More than 80% of stroke survivors experience gait problems, often associated with loss of ankle control. Existing rehabilitation devices to combat this problem are limited to laboratory or clinical settings. 

Now, according to a pilot study, a new ankle exosuit could help stroke survivors improve their walking ability. The work, led by the team of Professor Conor Walsh of the John A. Paulson School of Engineering and Applied Sciences (SEAS), has been published in the Annals of the New York Academy of Sciences. 

“We saw an opportunity to use wearable technology to rethink the approach to physical therapy and rehabilitation,” says Walsh. “If we can move some of these clinical services from the clinic to the home and community, we can improve access, reduce costs, and provide better care. Very It's exciting to see how engineering and physiotherapy come together to make this happen." 

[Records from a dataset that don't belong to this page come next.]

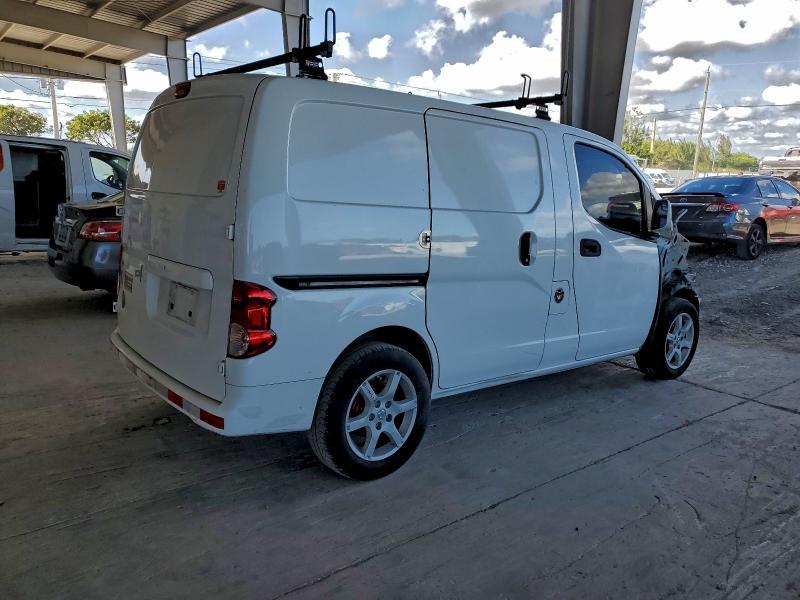 2020 Niss Nv200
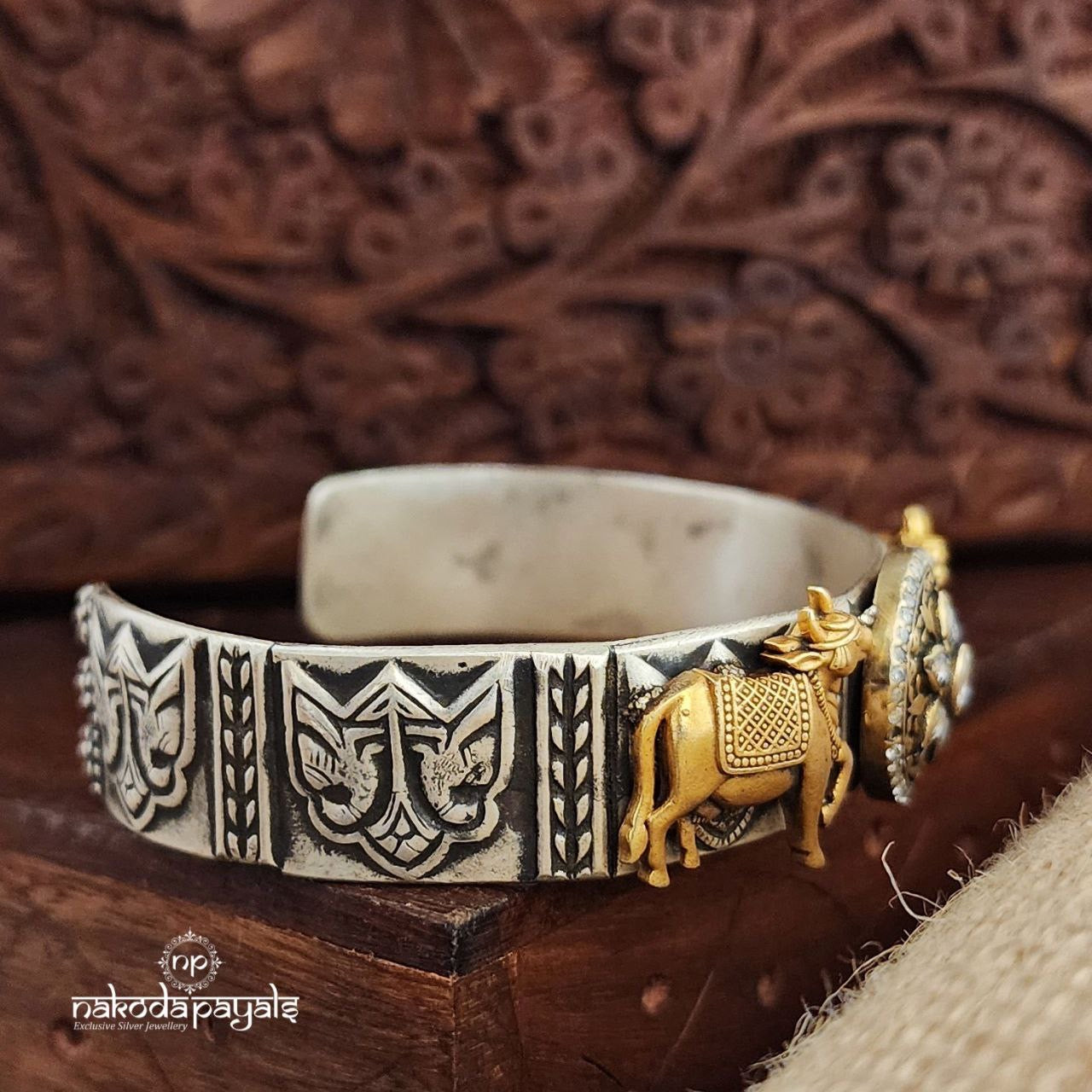 Nandi Kundan Dual Tone Adjustable Kada (K6012)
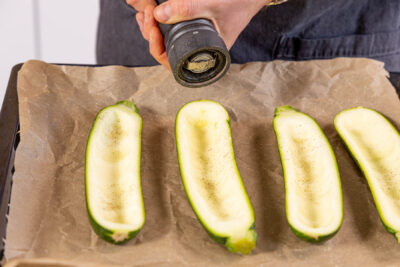 Zucchini würzen und eventuell vorbacken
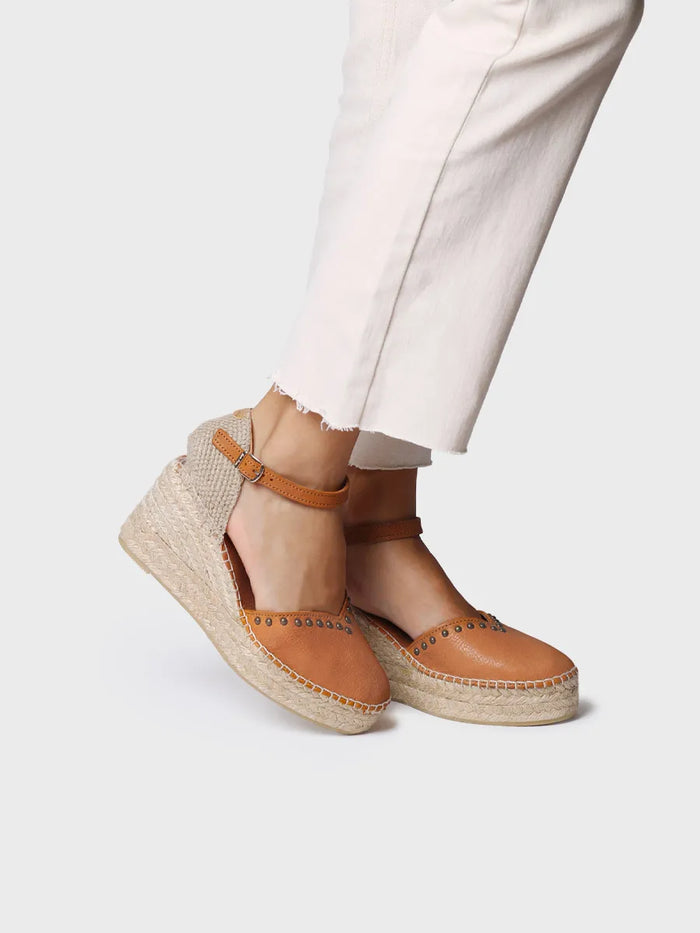 toni pons MANILA - Alpargata de mujer en piel con cuña y tachuelas | MANILA En oferta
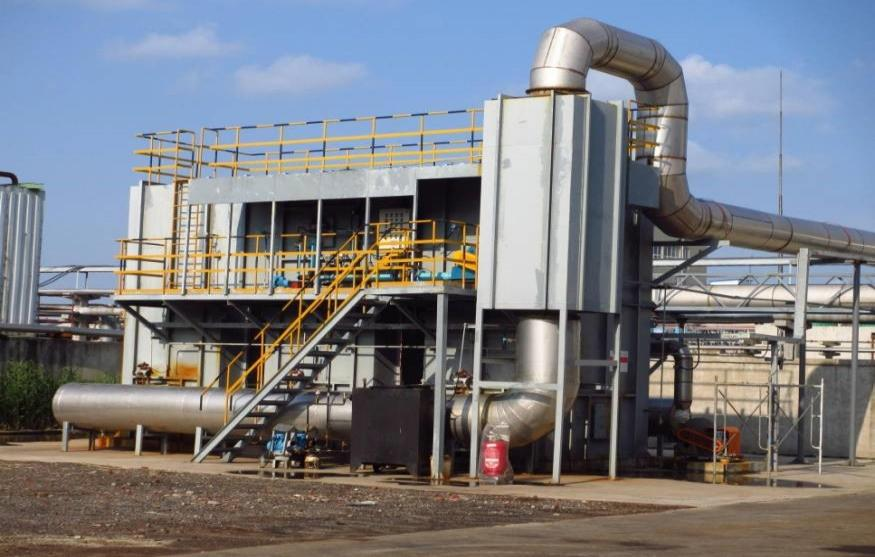 企业技术团队研讨图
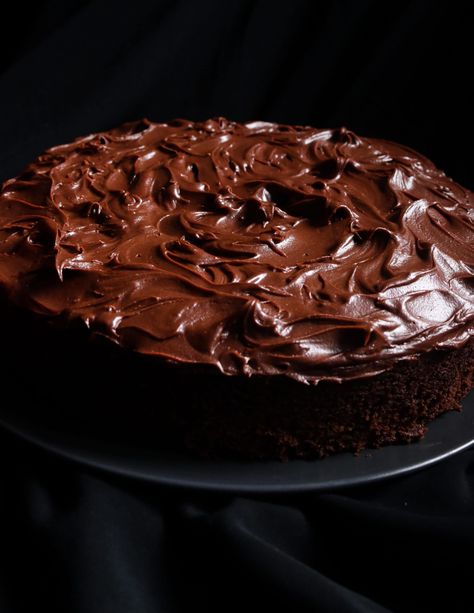 Single Chocolate Cake, 9 Inch Cake Recipe Single Layer, Chocolate Cake One Layer, 9 Inch Chocolate Cake Recipe, 1 Layer Chocolate Cake, One Layer Chocolate Cake Recipe, 8 Inch Chocolate Cake Recipe, 9 Inch Chocolate Cake, Single Layer Chocolate Cake Recipe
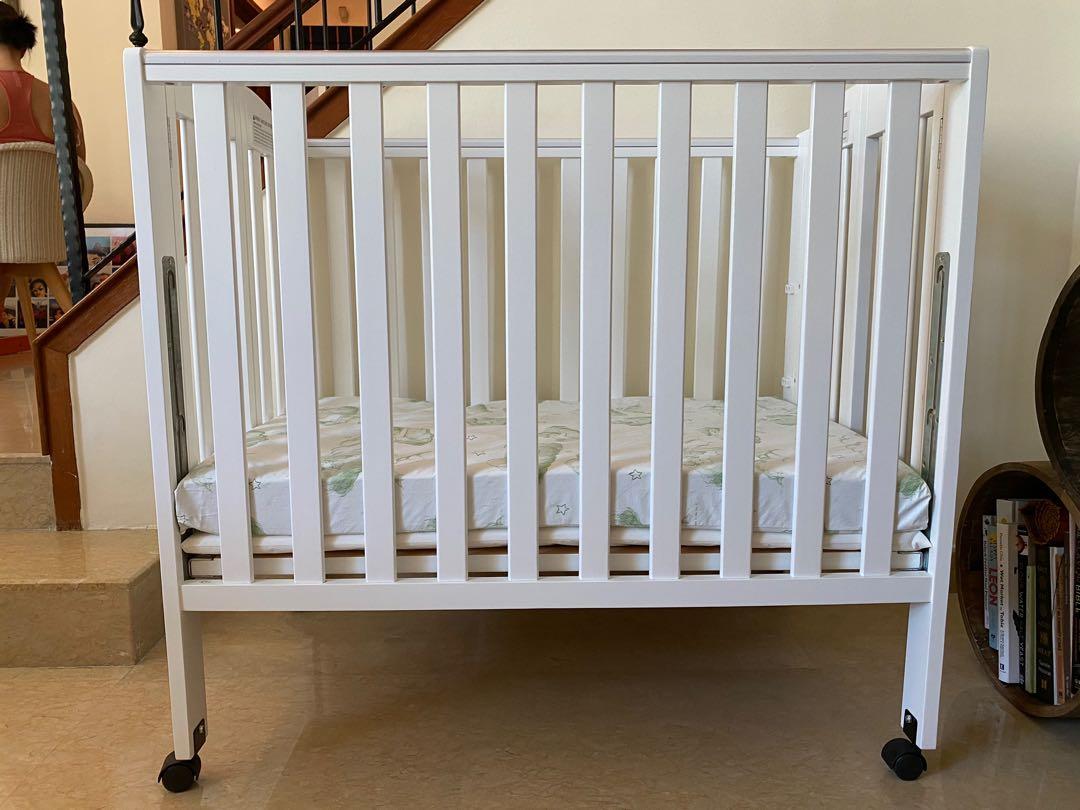 Dream on me foldable crib clearance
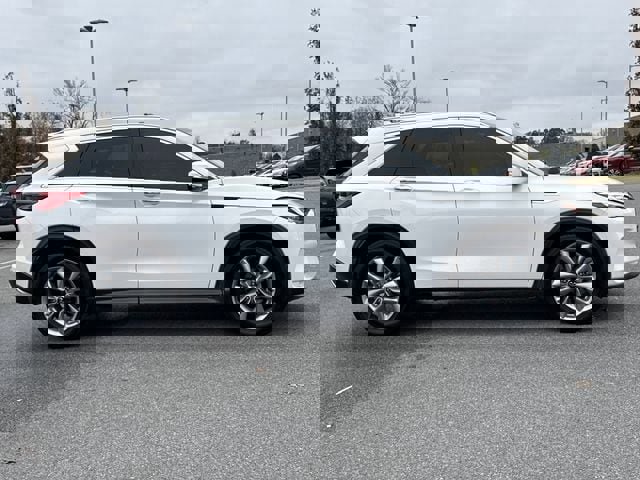 Used 2021 INFINITI QX50 Luxe image 2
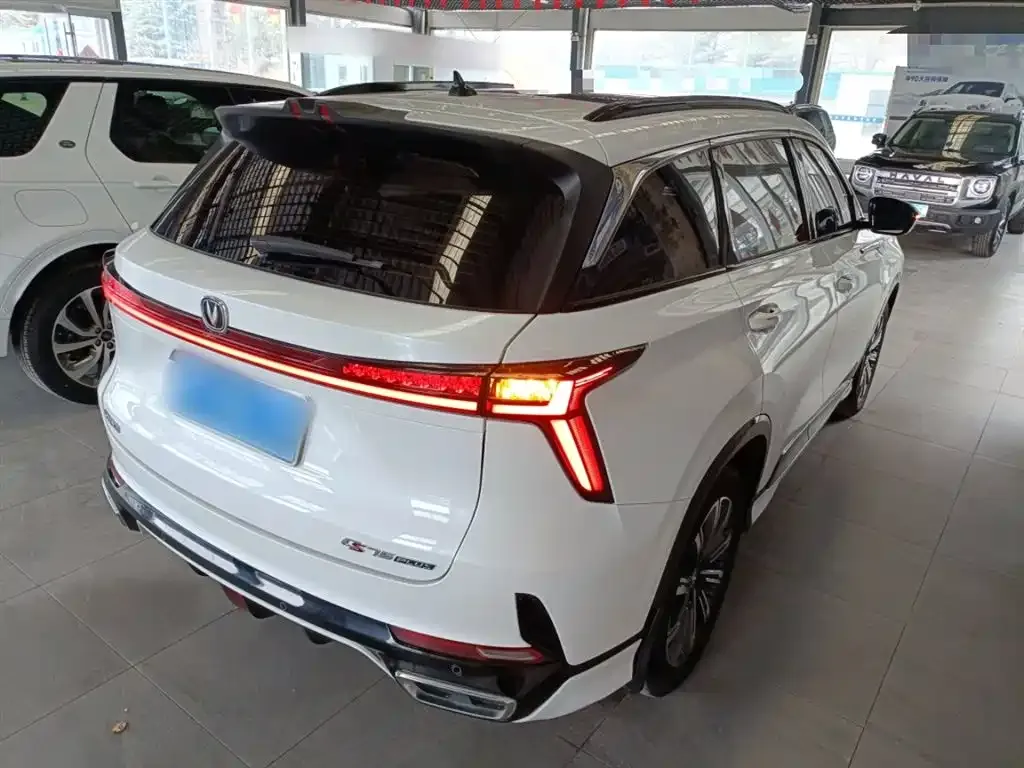 Changan CS75PLUS — фото 4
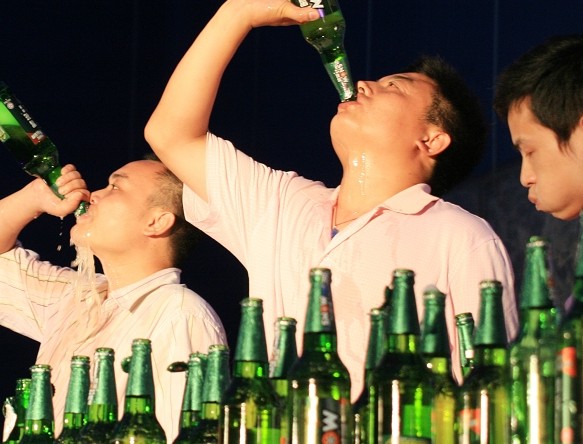 聚餐酒后不宜干七件事:立刻睡觉(10)(点击浏览下一张趣图)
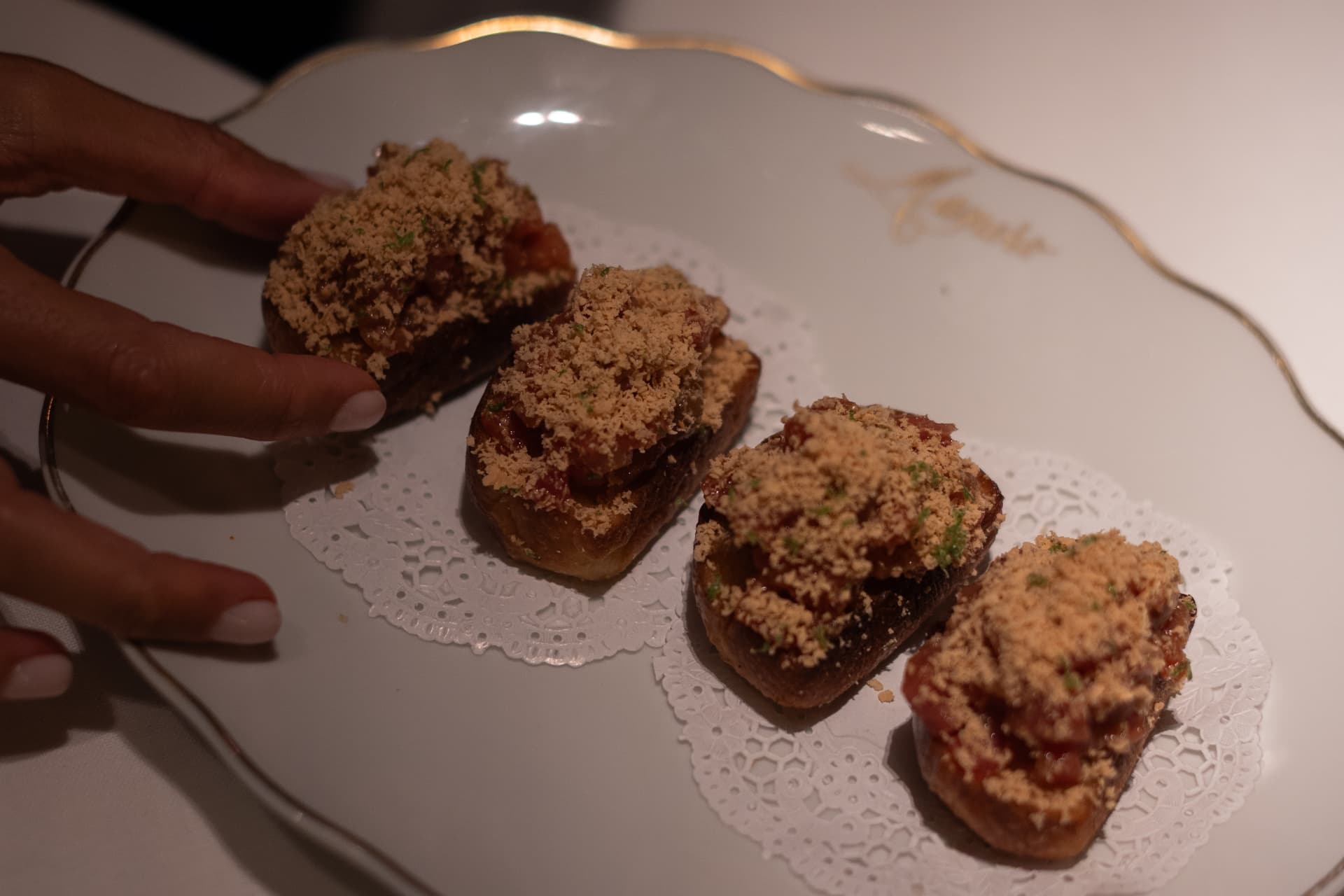 Brioches con tartar de atún servidos sobre plato de porcelana en Manero Madrid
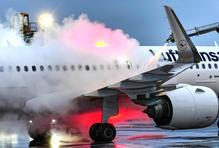 Evropa v zimním hávu: sníh, zpoždění a fotky, které stojí za to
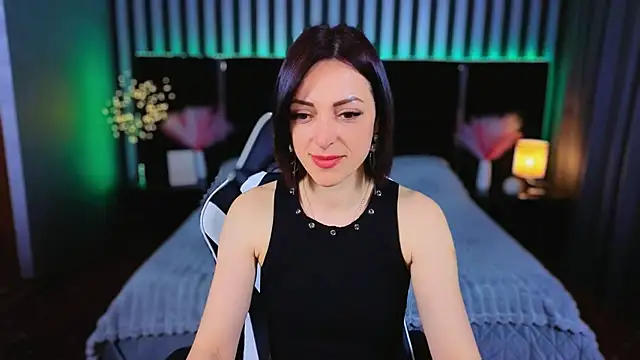 Daloras_lin's Live XXX Chat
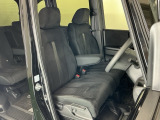 【ベンチシート】運転席と助手席の移動もスムーズ!狭い駐車場での乗り降りや、お子様の乗り降りにも便利です。座席の間にコンソールボックスやドリンクホルダーがないため、車内空間が広く感じます。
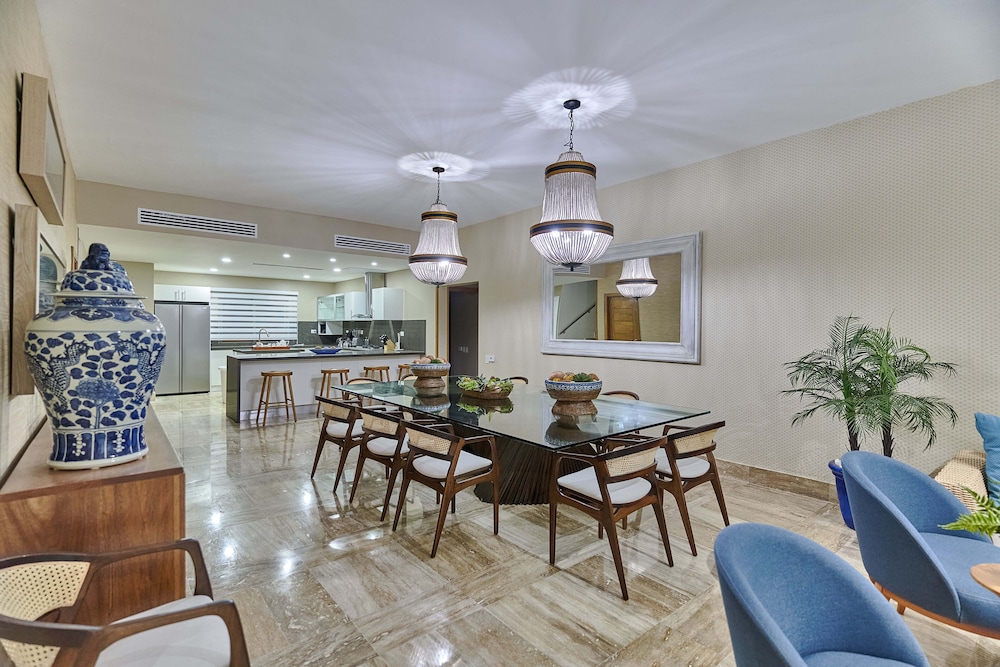 Costa Atlantica Beach Condos
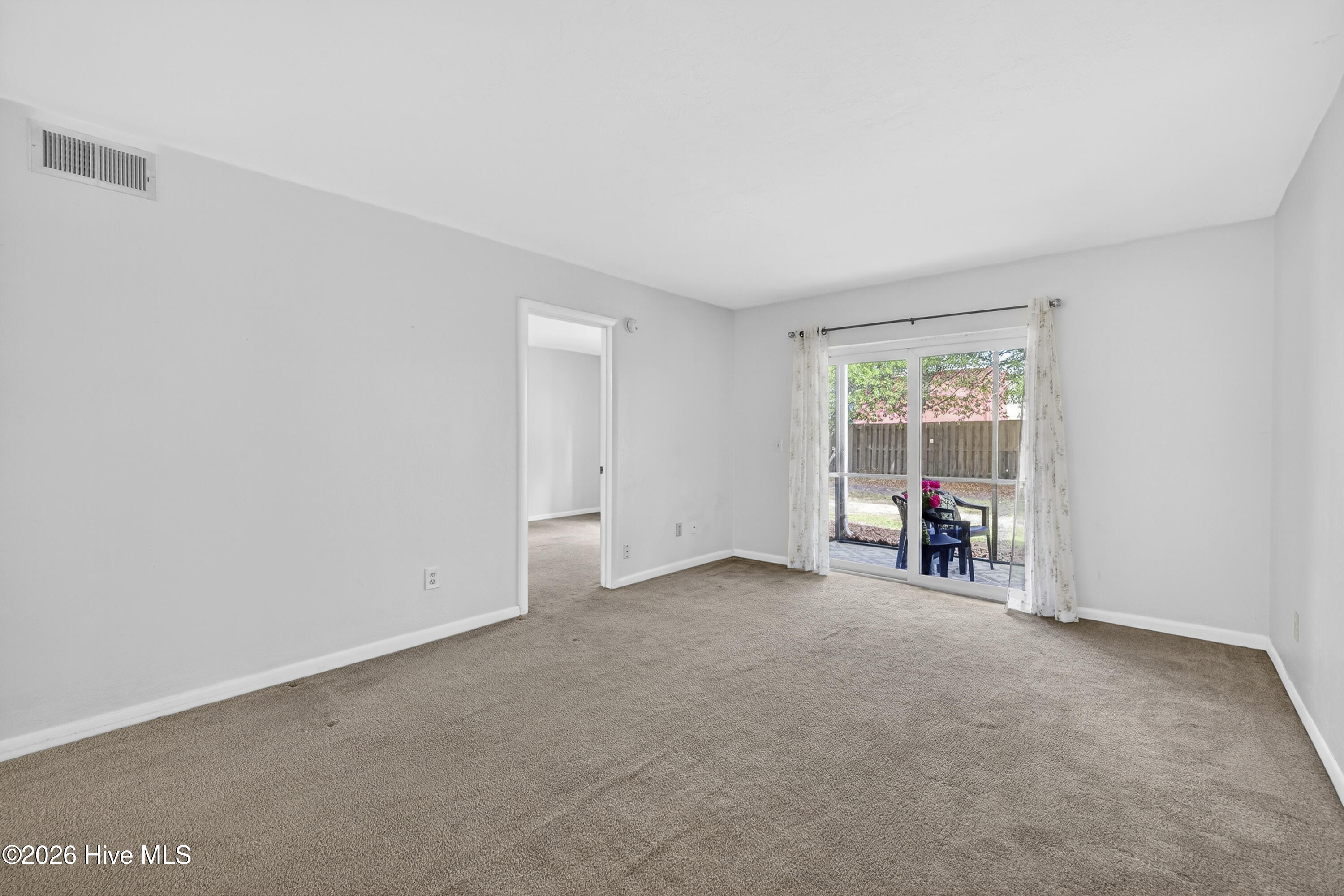 100565573 | Photo 20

The Walsh Biodesign Lab at Harvard has previously developed assistive and rehabilitation exosuit technologies for a variety of applications. Some of these technologies have already been licensed and commercialized by ReWalk Robotics and have received breakthrough status from the US Food and Drug Administration. To develop an ankle-foot exosuit for everyday use, Walsh's team needed to simplify the exosuit's mechanical components and make it easy to control. 

“In the past, our ankle exosuits had two active actuators—one assisted in dorsiflexion to hold the toes, and the other assisted in plantarflexion by pushing the foot and body off the ground,” says Richard Nuckols, a former Walsh lab postdoctoral fellow at SEAS. “Instead of active actuator dorsiflexion, the new exosuit contains a passive material that flexes and acts like a spring, helping to keep the toes up during the footswing and preventing the wearer from getting their toes caught on the ground." 

"By replacing the active drive with a passive drive, the exosuit is inherently safer; in the event of an unexpected power loss or controller failure, the default state will support the user's toes and reduce the risk of trips and falls," Nakols continues. 

"We also developed a mobile app so that users can easily interact with the device," says Chi-Kang Chang, Ph.D. at the Walsh Lab. "The app allows users to turn on the device themselves and tell the exosuit when they want to start walking." 

In addition, the team included sensors located on the foot, lower leg and pelvis to enable remote monitoring of the user's progress over time. 

“We collect data while people are walking in the exosuit and measure how their gait improves over time,” Chang says. “In the future, this information could be a really important aspect of using this exosuit for long-term rehabilitation in collaboration with a physical therapist.” 

To test the exosuit, Walsh's team collaborated with the labs of Lou Awad and Terry Ellis at Boston University's Sargent College of Health and Rehabilitation. They recruited four participants to use the device in their own setting for 4 weeks, walking 3-5 times a week on their own. 

Due to individual variability in response (participants with lower baseline walking activity benefited more from wearing the exosuit), a therapeutic effect was not observed in the entire group. But two of the participants improved their motor activity by an average of 27%. They also walked an average of 4,000 more steps the week after the study than they did the week before.